With so many celebrity podcasts, will there still be room in the podcast universe for smart and unconventional voices like Rachel Wilkerson Miller?

So far, the celebrities that have planted their flag in podcasting possess the intellectual depth and conversational skill to pull off "ear worthy" podcasts.

But what happens when the next group of celebrities, lured by the success of the first group, invades podcasting without the requisite skills to pull off a podcast?

Think a Jerry Springer type on a podcast. Wendy Williams? The Kardashians podcast?

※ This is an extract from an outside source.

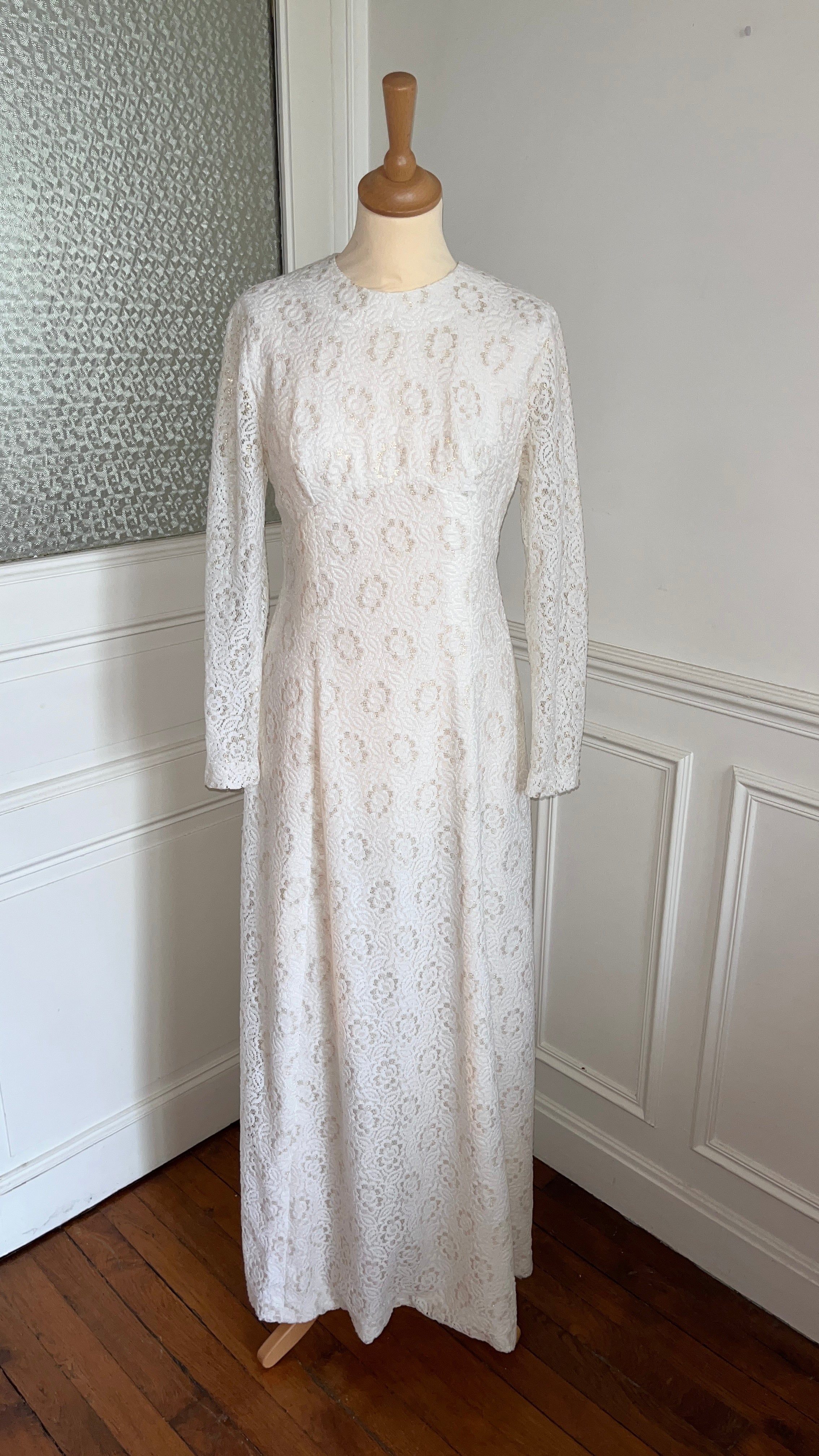 La robe Dame Blanche - Taille 38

The imminent danger of "celebrities" podcasting, however, is not that the shows will not maintain a basic level of audio and conversational quality, but that podcast networks focus almost exclusively on such shows and ignore the Rachel Wilkerson Millers, whose shows go beyond the pitter-patter of celebrity narcissism. 

As the Ancient Greeks said, "everything in moderation."

Podcasting already suffers from too many true-crime podcasts struggling to become the next breakout hit like Serial.

What podcasting does not need is celebrities invading its audio format, trying to be the next Joe Rogan. One is quite enough.

The danger of celebrity podcasting is that podcasts begin to sound too much like talk radio or, worse yet, the inane and innocuous blathering on TV daytime talk shows.